_Problem_: In the entries below, find the line with "SCOTTISH BOTANICS, A" and the line with "1920x1200 Colorful Daisies"; give again those lines and every line between them, exactly.

_Data records_:

■ ■ ■ ■ ■

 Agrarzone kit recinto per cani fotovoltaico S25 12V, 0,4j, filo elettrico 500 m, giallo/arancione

■ ■ ■ ■ ■

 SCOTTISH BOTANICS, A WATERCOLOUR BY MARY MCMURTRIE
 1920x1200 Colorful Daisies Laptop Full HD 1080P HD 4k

■ ■ ■ ■ ■

_Final answer_:
 SCOTTISH BOTANICS, A WATERCOLOUR BY MARY MCMURTRIE
 1920x1200 Colorful Daisies Laptop Full HD 1080P HD 4k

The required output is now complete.